The line with "Construction site with" marks the first line to copy, and the line with "Classic black leather" marks the last. Transcribe that stretch of the data below exactly, without pictures.

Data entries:
◇ ◇ ◇ ◇
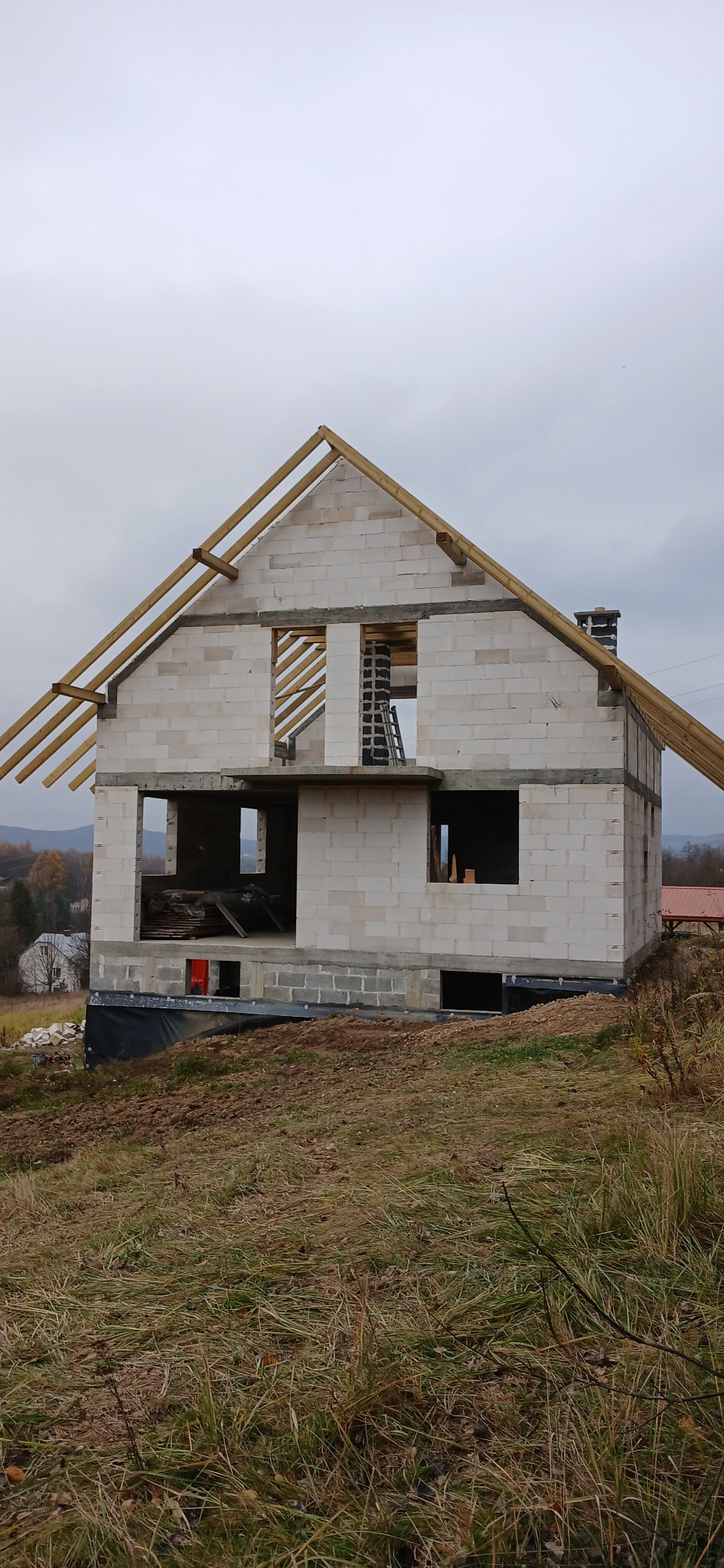 Niedokończony dom z białego betonu komórkowego z drewnianą konstrukcją dachu na tle pochmurnego nieba i pagórkowatego krajobrazu. Widoczna drabina i materiały budowlane.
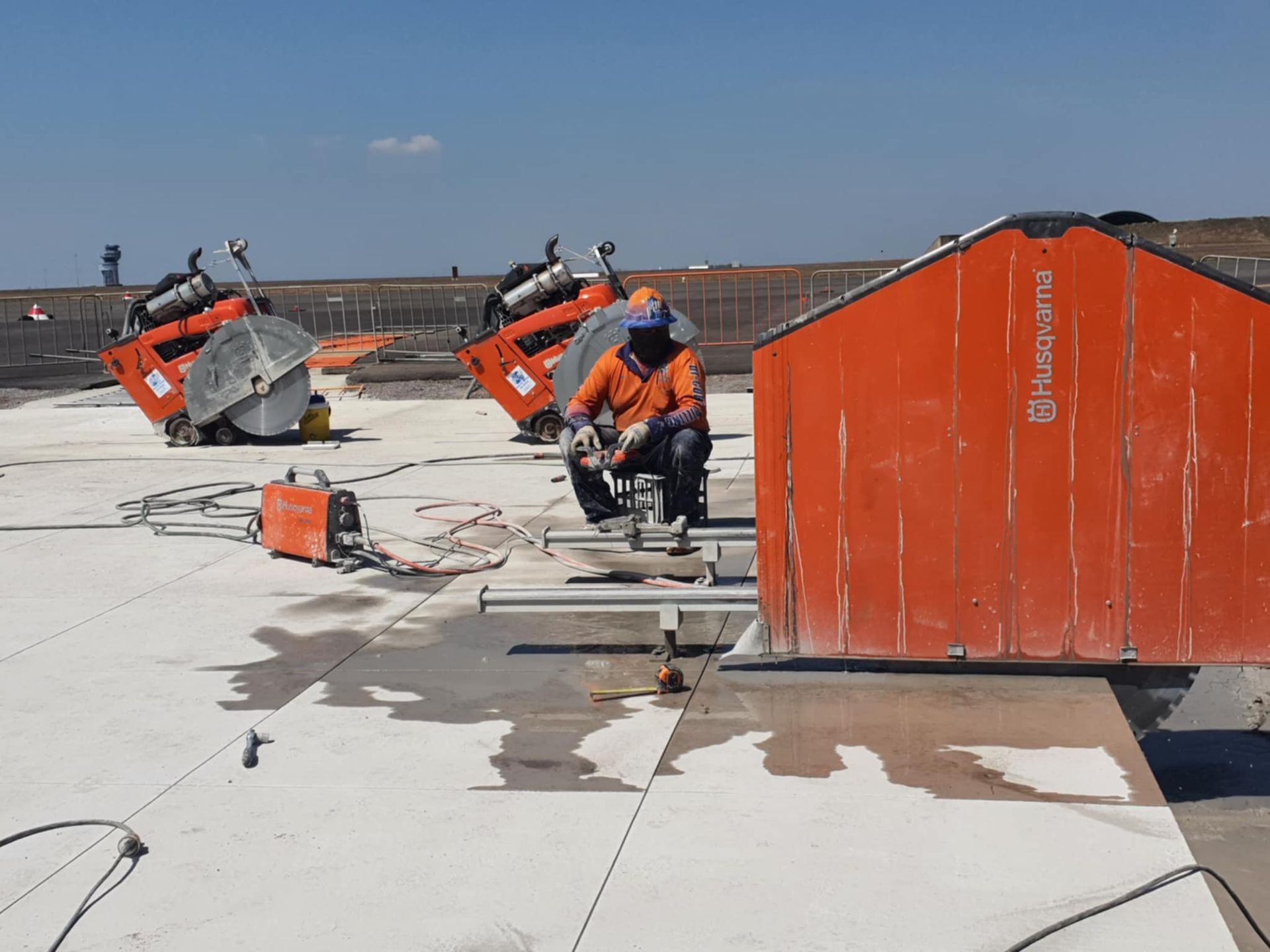 Construction site with two white trucks labeled 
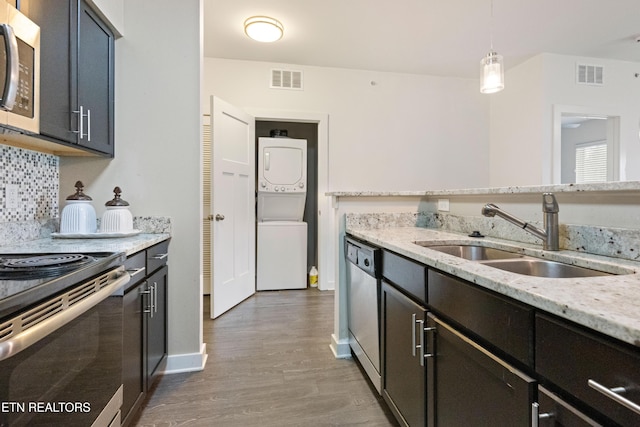 kitchen with stacked washer and clothes dryer, wood finished floors, a sink, visible vents, and appliances with stainless steel finishes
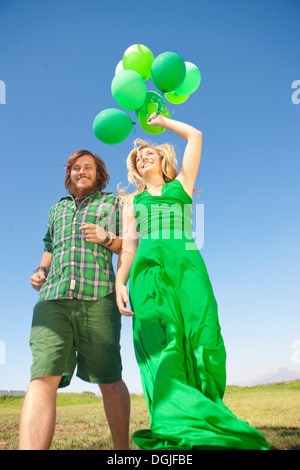 Junges Paar im Feld, Frau mit grünen Ballons Stockfoto
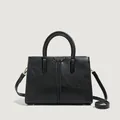 Classic black leather tote bag with gold hardware and dual handles for daily use - Black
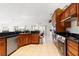 Modern kitchen with wood cabinets and granite countertops at 3207 Hibiscus Dr, Hernando Beach, FL 34607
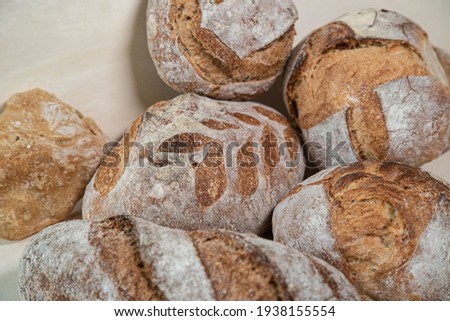 Baked bread in front of a wooden background. Ciabatta croccante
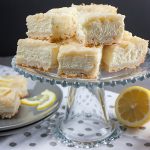 Lemon Cheesecake Shortbread Bars on a glass serving pedestal.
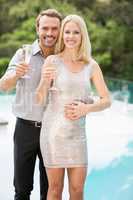 Smiling couple showing champagne flutes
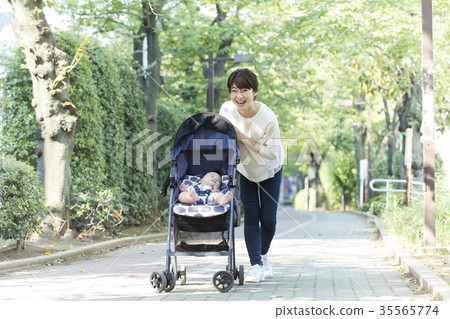 Middle woman pushing a stroller Middle woman pushing a stroller 35565774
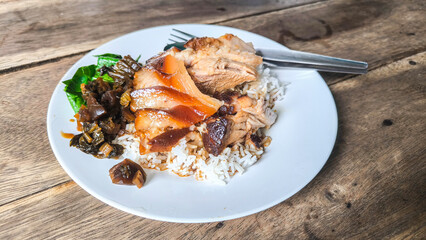 Stewed Pork leg rice, pickled vegetables, Thai food on plate, wooden table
◇ ◇ ◇ ◇
→ SOLVED PROBLEM:
 Construction site with two white trucks labeled 
 kitchen with stacked washer and clothes dryer, wood finished floors, a sink, visible vents, and appliances with stainless steel finishes
 Junges Paar im Feld, Frau mit grünen Ballons Stockfoto
 Classic black leather tote bag with gold hardware and dual handles for daily use - Black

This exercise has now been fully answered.